It is said that Andrew Jackson changed the face of US politics, and in many ways that is true. For one thing, the name of the Republican Party was changed to the Democratic Party, to reflect a more populist bent. Political parties were strengthened. Participation in government increased dramatically. However, in at least one important aspect, nothing changed – political campaigns were just as dirty as before.
Andrew Jackson was a popular figure in the United States, having first gained national attention as a hero in the War of 1812. As war heroes are wont to do, he ran for the Presidency in 1824. However, he came up just short. Four major candidates contended for the office, and Jackson actually received the greatest number of electoral votes and the greatest number of popular votes. However, he did not receive an outright majority of electoral votes and the election was therefore decided in the House of Representatives, who chose John Quincy Adams (the runner up in terms of popular and electoral votes). The man who had won fourth place was Henry Clay, the Speaker of the House of Representatives. Clay threw his support behind Adams, who became President and appointed Clay as his Secretary of State. Jacksonian partisans believed that a 'corrupt bargain' had been struck between Adams and Clay, and they managed to convince much of the public of this fact. Campaigning against this 'corrupt bargain', Andrew Jackson defeated John Quincy Adams for re-election in 1828, and took over himself.
During their two electoral clashes, Jackson and Adams did not have many kind words for one another. Jackson's allies railed against President Adams for bringing 'gambling furniture' into the White House. These turned out to be a fairly benign ivory chess set and a billiards table. They also accused him of sexual deviancy. They charged Adams with having premarital sex with his wife – an allegation that was conveniently impossible to disprove. They also brought up an old accusation from Adams' time as the US ambassador to Russia. Adams was supposed to have procured a young girl from the US for Czar Alexander I – effectively acting as a diplomatic pimp.

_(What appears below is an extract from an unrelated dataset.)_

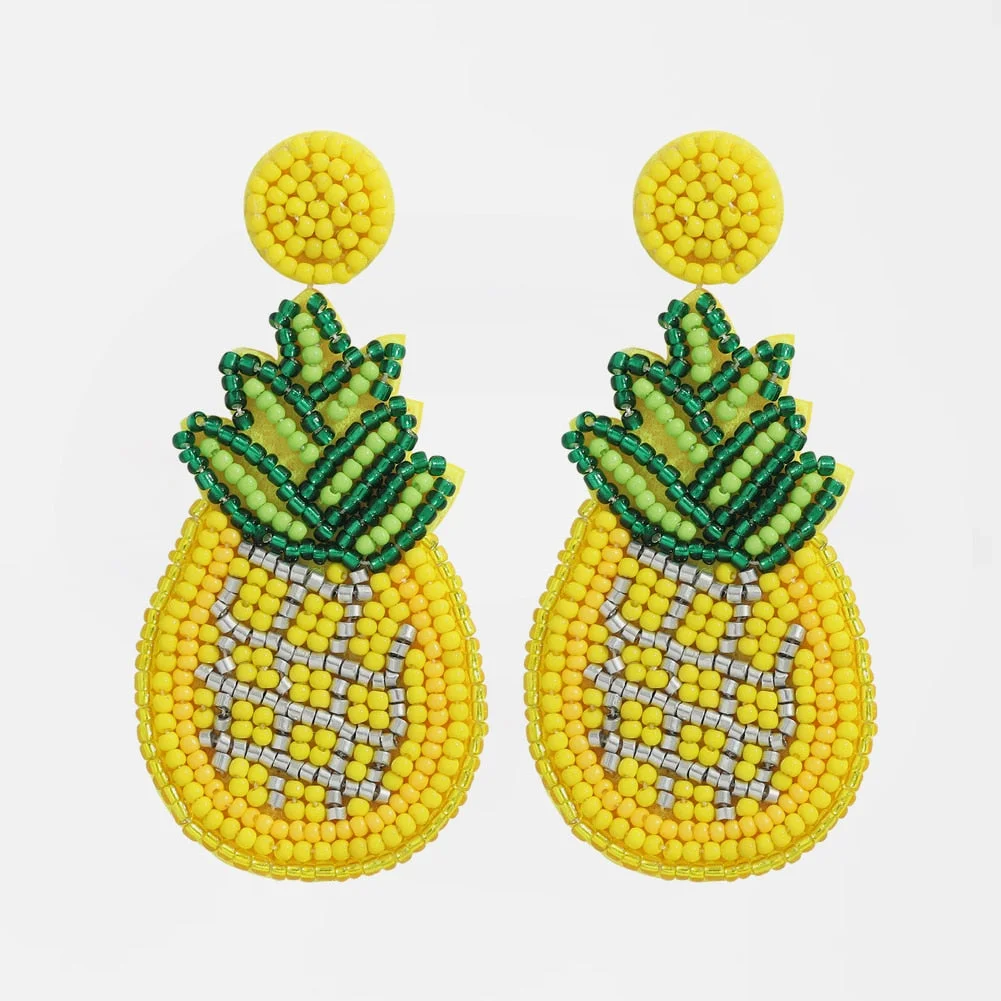 Dvacaman Boho Handmade Beaded Leaf Parrot Pendant Earrings for Women 2022 New Design Wedding Jewelry Korean Drop Dangle Earrings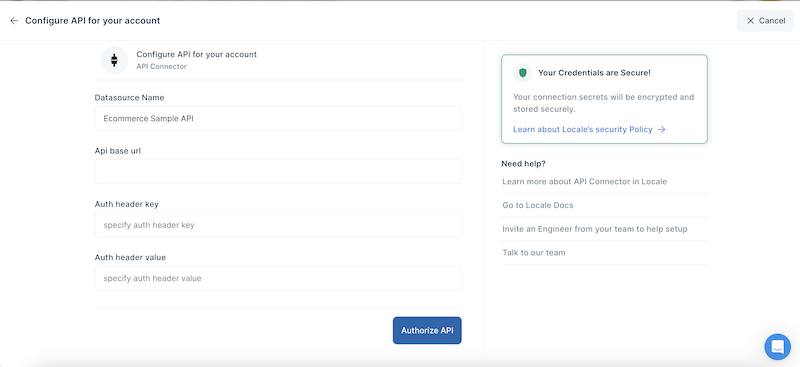 Screenshot of Locale's SaaS integration module via API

The Adams people spread rumours about Jackson on all fronts. They claimed he had shot his own men when serving in the military. They claimed that he had a horrible temper and was frequently involved in barfights and duels. Most of these rumours were probably true, and did not bother Jackson in the least. However, he did not like it when the women in his life were attacked. One Adams partisan described him as a 'gambler, a cock-fighter, a slave trader', which would have been fine – accurate, even – had the writer not continued with, 'and the husband of a really fat wife'. A Kentucky paper called Jackson's wife a 'dirty, black wench!'. Additionally, one widely distributed handbill claimed that Jackson's mother was a prostitute. Jackson was appalled by the treatment of these ladies by the press (he said 'I never war against females and it is only the base and cowardly that do'). He would be even more appalled by the continuing efforts to paint him as an adulterer.

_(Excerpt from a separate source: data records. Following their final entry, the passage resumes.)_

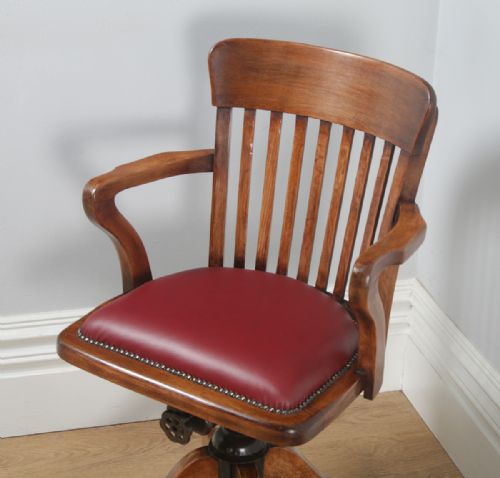 fig 3. Antique English Edwardian Beech & Red Leather Revolving Office Desk Arm Chair (Circa 1910)
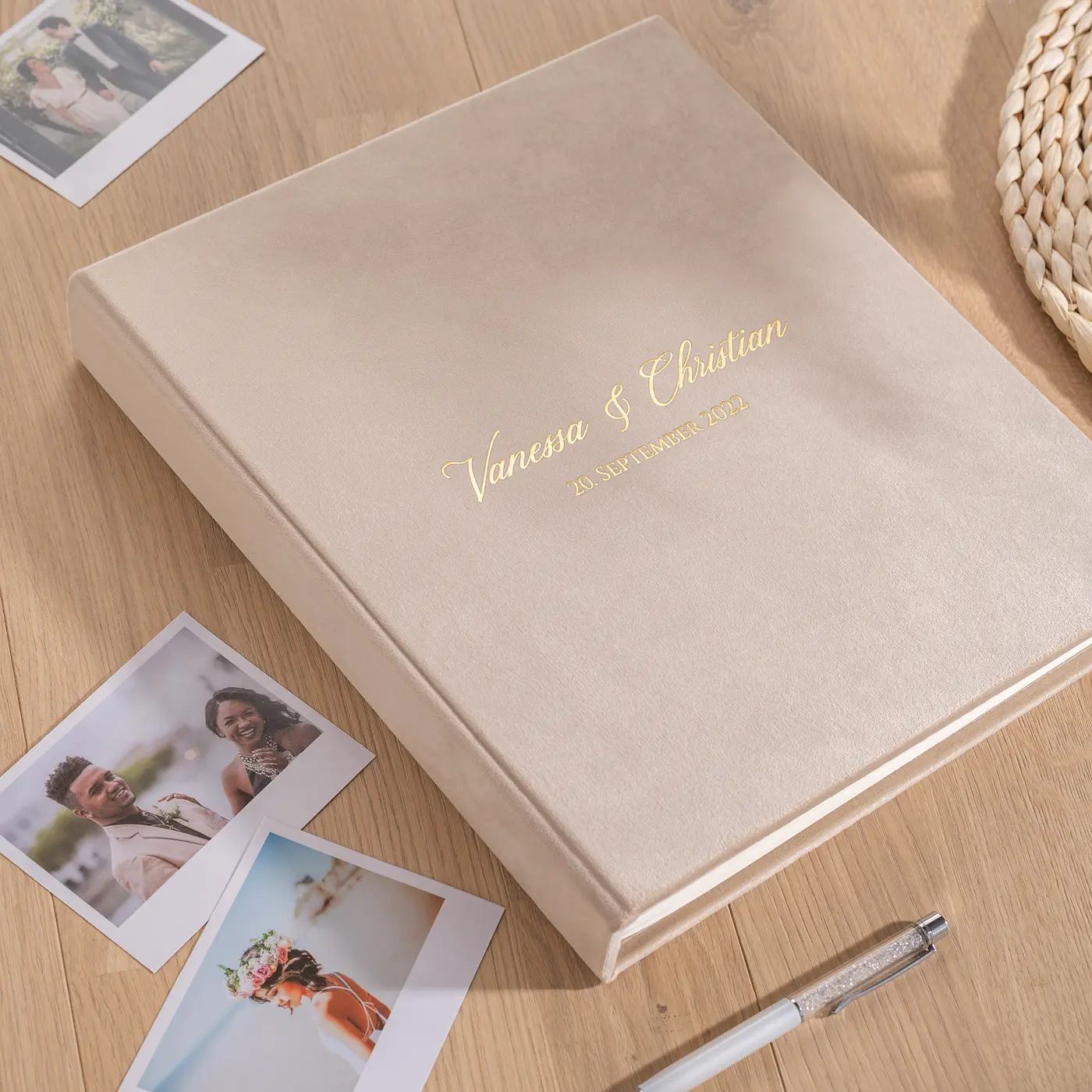 Velvet Wedding Guest Book Vertical - Image 5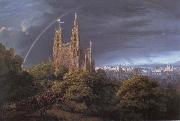 Karl friedrich schinkel Medieval City on a River oil painting reproduction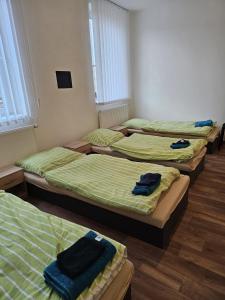 a group of four beds in a room at Studio Klicperova in Chlumec nad Cidlinou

Jackson's wife had previously been married to a man named Lewis Robards, and had obtained a divorce before marrying Andrew Jackson. Or, at least she thought so. It turned out that the divorce was never technically finalized, and thus her marriage to Jackson was invalid. They were living in an adulterous relationship, on a technicality. Once she was alerted to this fact, she had the divorce finalised and she and Andrew remarried. However, opposition press did not let Jackson put this behind him. Newspapers referred to her as Mrs Robards, and one writer asked 'Ought a convicted adulteress and her paramour husband to be placed in the highest offices of this free and Christian land?' Rachel died a short while after the election of 1828, and President-elect Jackson claimed that the attacks in the press had killed her.

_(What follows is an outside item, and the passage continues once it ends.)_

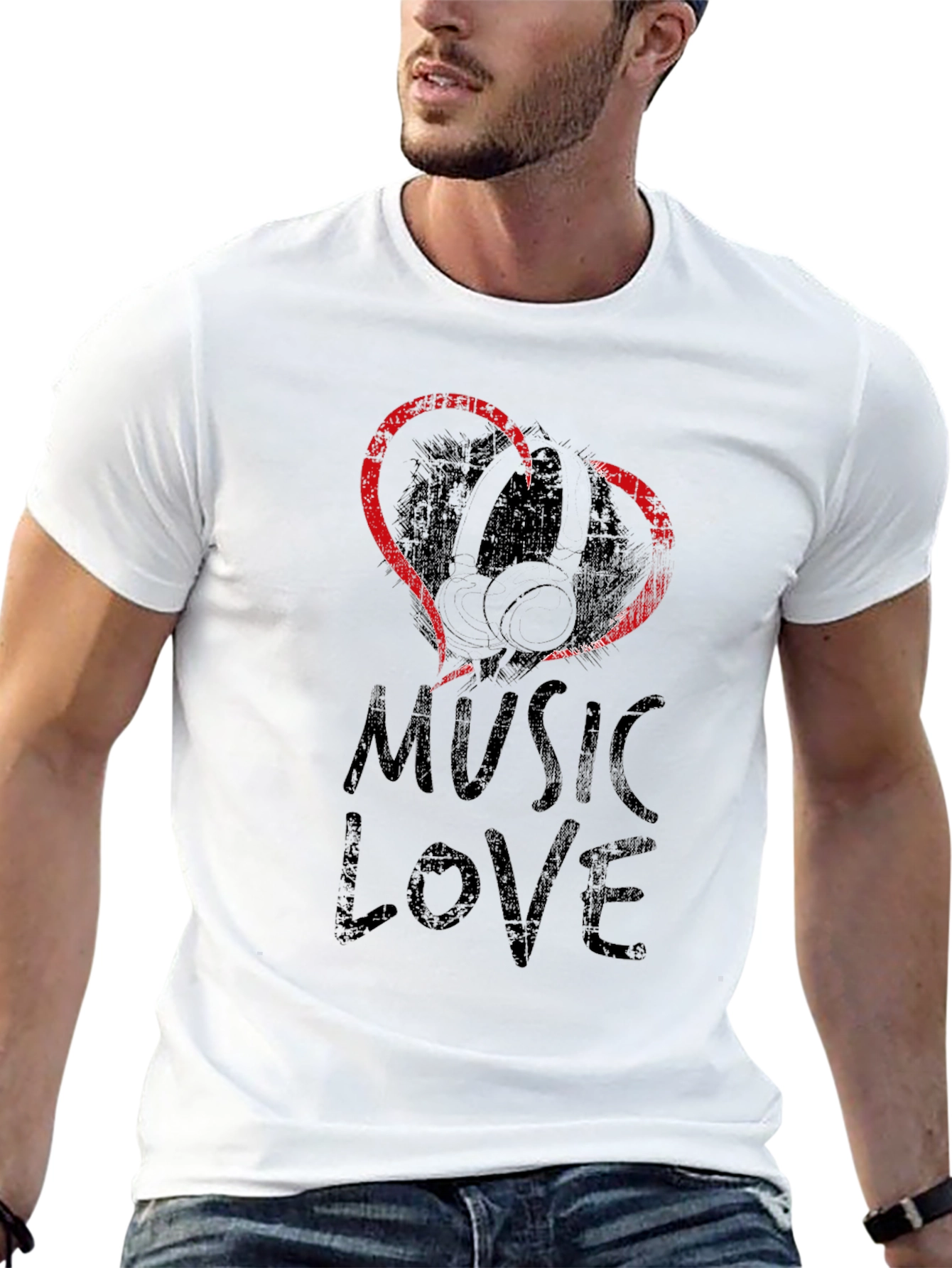 Music Love Graphic Tee - Black Cotton T-Shirt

When Jackson left office, his Vice President Martin Van Buren succeeded him. Van Buren had a fairly disastrous first term, but was renominated for the 1840 election nevertheless. Whig politicians ridiculed him as being weak and elegant, and suggested that he lived in the White House like a king. Representative Charles Ogle of Pennsylvania gave a speech, now known as the Gold Spoon Oration, in which he essentially catalogued all of the luxurious items in the 'regal splendour of the President's Palace'. This speech helped to paint a picture in voters' minds of an aristocratic Van Buren, in contrast to the Whig candidate William Henry Harrison, who lived (at least in the popular zeitgeist) in a log cabin. Further reinforcing this image, a Tennessee politician named Davy Crockett (of frontier fame) accused Van Buren of wearing a corset:
He is laced up in corsets, such as women in a town wear, and, if possible, tighter than the best of them. It would be difficult to say, from his personal appearance, whether he was a man or woman, but for his large red and gray whiskers.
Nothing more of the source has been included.